少しするとリョウさんの体温はまたゆっくりと離れていった。
「ありがとう、ございます……。」
「寝るまでそばに居てあげる。ほら、目を閉じて。」
リョウさんはぼくの左手を握ると、またぼくを撫でた。
「リョウさん……」
「ん?」
「おやすみ、なさい……。」
「あぁ、お休み。」
視界がブラックアウトしていく。リョウさんの体温を感じたまま、ぼくは眠りについた。
目が覚めるとそこにはリョウさんはいなくて、代わりにローズさん、がいた。心地よさそうに眠っているので、起こすのもどうかと思い、伸ばそうとした手を戻す。
ローズさん、ごめんなさい。ぼくが取り憑いてしまったばかりに。昨日低い確率でも失敗をしてしまっていたら、もしかしたら眠っている彼女は、今ここにいなかったかもしれない。
しかし、リョウさんの言葉を思い出す。周りは気にせず、今、自分がどう感じてるか。今、ぼくは……。
「……ぼくは、しあわせもの……です。」
ポツリと零れた一言に反応してか、ローズさんが身じろぐ。起こしてしまったかと慌てたが、また規則正しい寝息を立て始めた。

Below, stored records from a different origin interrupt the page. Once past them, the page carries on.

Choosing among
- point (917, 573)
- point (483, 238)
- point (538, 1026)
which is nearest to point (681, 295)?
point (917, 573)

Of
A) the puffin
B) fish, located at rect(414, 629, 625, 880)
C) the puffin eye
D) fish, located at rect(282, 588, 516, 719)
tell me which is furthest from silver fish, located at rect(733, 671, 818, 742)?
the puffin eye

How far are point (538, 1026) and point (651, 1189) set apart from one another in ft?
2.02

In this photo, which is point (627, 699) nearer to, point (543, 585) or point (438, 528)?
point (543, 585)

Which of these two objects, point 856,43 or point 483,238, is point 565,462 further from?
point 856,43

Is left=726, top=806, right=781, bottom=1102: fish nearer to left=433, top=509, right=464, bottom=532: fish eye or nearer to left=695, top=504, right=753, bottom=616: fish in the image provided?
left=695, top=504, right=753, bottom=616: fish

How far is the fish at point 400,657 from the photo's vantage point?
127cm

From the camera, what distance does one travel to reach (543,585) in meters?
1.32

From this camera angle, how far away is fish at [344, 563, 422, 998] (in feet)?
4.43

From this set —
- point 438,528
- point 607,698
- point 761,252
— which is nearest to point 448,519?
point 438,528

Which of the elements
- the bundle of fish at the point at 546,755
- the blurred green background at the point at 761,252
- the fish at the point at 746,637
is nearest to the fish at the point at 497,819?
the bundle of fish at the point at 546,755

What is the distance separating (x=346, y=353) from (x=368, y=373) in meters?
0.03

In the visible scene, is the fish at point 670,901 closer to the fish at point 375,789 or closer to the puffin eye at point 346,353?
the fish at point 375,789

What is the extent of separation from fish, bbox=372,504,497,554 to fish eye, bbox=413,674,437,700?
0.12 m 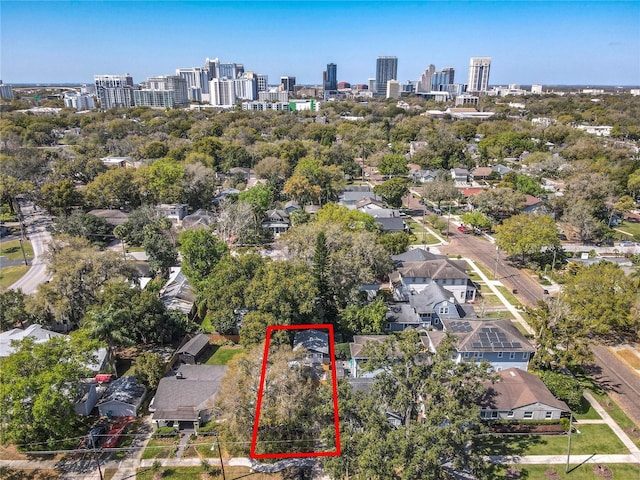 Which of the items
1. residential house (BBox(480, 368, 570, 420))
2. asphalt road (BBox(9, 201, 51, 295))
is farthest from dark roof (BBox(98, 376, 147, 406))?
residential house (BBox(480, 368, 570, 420))

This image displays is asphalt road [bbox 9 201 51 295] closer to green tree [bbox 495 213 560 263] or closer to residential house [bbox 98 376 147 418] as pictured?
residential house [bbox 98 376 147 418]

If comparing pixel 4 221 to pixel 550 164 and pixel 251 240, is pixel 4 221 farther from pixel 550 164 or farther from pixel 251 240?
pixel 550 164

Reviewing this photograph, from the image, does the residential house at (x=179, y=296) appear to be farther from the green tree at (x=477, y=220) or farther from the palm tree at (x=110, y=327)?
the green tree at (x=477, y=220)

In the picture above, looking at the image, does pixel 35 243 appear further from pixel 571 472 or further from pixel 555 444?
pixel 571 472

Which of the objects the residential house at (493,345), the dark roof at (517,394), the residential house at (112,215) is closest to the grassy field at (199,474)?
the dark roof at (517,394)

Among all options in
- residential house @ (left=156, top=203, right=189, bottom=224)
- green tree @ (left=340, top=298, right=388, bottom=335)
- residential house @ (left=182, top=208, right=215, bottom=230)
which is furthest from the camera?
residential house @ (left=156, top=203, right=189, bottom=224)

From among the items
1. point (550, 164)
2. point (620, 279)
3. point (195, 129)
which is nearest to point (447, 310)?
point (620, 279) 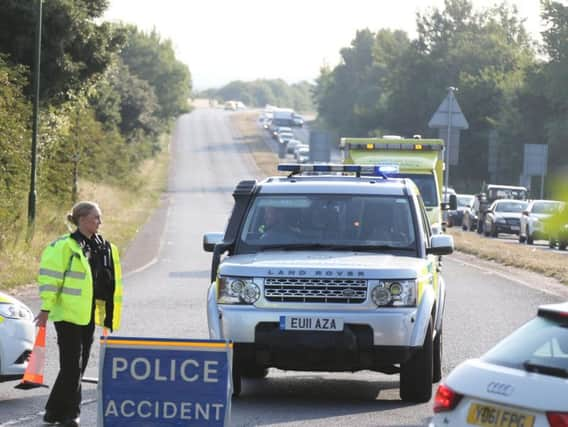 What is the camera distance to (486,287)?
82.8 feet

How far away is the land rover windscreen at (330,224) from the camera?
41.0ft

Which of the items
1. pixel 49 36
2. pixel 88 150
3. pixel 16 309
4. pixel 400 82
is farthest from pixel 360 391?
pixel 400 82

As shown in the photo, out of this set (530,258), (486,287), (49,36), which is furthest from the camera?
(49,36)

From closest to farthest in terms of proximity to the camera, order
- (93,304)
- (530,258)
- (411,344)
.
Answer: (93,304)
(411,344)
(530,258)

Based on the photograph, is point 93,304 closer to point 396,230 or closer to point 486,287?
point 396,230

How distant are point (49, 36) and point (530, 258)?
1317 centimetres

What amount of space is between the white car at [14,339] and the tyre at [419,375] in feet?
10.2

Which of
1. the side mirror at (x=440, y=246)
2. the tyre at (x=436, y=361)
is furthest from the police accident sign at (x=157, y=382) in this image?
the tyre at (x=436, y=361)

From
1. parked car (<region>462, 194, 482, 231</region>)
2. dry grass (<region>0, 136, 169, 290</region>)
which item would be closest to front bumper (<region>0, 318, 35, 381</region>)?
dry grass (<region>0, 136, 169, 290</region>)

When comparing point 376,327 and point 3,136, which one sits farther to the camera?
point 3,136

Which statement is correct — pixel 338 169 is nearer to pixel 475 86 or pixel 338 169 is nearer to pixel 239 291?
pixel 239 291

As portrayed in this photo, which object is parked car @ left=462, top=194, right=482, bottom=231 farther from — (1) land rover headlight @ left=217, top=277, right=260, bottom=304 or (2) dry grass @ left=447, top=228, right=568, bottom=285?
(1) land rover headlight @ left=217, top=277, right=260, bottom=304

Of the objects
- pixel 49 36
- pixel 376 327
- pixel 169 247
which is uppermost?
pixel 49 36

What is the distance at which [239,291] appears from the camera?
11.6 m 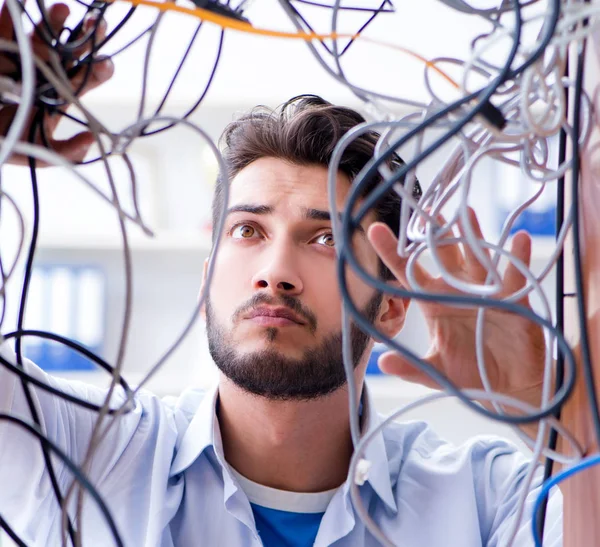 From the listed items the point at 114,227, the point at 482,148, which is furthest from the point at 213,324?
the point at 114,227

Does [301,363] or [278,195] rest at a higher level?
[278,195]

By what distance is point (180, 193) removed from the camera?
2.49 meters

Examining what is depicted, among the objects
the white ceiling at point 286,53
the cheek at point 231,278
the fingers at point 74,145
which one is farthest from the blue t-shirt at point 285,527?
the white ceiling at point 286,53

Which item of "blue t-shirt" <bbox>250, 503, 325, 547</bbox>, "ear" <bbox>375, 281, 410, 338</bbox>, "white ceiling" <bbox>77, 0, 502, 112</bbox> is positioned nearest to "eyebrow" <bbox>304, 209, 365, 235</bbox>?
"ear" <bbox>375, 281, 410, 338</bbox>

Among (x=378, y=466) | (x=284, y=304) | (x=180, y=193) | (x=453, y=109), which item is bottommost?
(x=378, y=466)

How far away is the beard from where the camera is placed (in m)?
1.21

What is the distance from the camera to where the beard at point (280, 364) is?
121 cm

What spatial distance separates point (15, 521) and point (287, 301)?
0.55m

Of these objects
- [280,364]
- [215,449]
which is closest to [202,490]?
[215,449]

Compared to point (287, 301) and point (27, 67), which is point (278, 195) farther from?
point (27, 67)

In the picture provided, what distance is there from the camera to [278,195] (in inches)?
52.7

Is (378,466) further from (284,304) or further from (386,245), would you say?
(386,245)

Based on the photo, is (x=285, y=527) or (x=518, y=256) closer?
(x=518, y=256)

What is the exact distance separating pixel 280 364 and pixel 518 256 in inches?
22.0
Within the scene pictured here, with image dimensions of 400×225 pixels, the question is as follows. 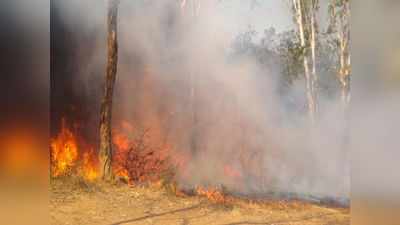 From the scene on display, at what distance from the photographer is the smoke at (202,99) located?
7539 millimetres

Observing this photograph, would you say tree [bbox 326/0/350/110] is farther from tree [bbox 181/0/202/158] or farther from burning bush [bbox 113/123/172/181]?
burning bush [bbox 113/123/172/181]

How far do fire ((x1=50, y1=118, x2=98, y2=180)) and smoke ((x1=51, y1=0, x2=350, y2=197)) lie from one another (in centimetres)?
31

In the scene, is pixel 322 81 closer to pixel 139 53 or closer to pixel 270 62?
pixel 270 62

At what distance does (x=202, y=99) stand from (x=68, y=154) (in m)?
3.32

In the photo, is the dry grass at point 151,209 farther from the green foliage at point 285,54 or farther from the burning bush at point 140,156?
the green foliage at point 285,54

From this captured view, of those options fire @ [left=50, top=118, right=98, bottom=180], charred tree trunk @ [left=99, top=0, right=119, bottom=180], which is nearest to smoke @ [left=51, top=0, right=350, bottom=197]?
fire @ [left=50, top=118, right=98, bottom=180]

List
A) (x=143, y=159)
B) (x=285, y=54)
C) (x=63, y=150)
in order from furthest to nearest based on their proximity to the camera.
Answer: (x=285, y=54)
(x=63, y=150)
(x=143, y=159)

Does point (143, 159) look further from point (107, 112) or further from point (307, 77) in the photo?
point (307, 77)

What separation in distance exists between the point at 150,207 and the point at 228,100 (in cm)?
384

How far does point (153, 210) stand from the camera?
499cm

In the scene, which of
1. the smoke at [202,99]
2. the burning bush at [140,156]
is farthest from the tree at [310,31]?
the burning bush at [140,156]

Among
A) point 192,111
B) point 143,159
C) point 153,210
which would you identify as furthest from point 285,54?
point 153,210

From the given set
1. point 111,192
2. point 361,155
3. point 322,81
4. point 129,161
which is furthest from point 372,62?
point 322,81

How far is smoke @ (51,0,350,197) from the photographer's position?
7.54 m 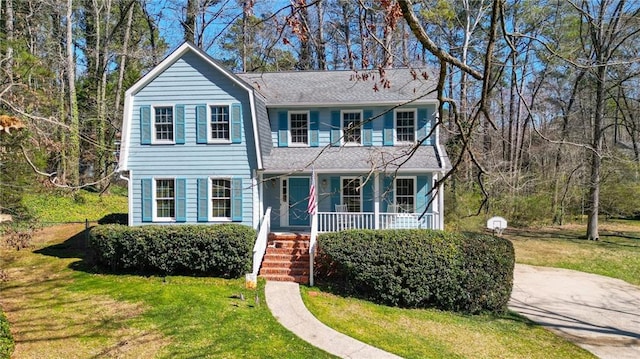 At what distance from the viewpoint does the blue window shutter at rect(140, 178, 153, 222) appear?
13.0 meters

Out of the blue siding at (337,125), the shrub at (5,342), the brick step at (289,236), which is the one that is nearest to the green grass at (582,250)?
the blue siding at (337,125)

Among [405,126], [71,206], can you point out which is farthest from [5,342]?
[71,206]

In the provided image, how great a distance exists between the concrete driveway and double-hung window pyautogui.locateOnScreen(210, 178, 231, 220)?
31.1ft

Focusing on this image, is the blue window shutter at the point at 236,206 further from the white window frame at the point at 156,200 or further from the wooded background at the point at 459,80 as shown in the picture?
the wooded background at the point at 459,80

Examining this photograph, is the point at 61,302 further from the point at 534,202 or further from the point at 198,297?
the point at 534,202

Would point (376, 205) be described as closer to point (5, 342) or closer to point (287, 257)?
point (287, 257)

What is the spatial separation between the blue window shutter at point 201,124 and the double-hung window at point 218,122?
0.56 ft

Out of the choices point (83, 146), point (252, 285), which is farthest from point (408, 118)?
point (83, 146)

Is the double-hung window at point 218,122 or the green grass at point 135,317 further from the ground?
the double-hung window at point 218,122

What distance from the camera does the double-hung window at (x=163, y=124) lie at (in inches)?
522

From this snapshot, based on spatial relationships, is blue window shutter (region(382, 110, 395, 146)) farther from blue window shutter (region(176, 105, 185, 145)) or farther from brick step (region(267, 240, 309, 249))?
blue window shutter (region(176, 105, 185, 145))

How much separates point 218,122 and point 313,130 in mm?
3641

それを見て少し微笑んだあと、自分がこの後どうなるのか、自分はどうしたらいいのか、と考え始めた。
しかし結論はすぐに出た。……何でもしよう。リョウさんの頼みなら。リョウさんが望むのであれば、一度は迎えた死だって怖くない。
心の中でリョウさん──ぼくの絶対神に誓った。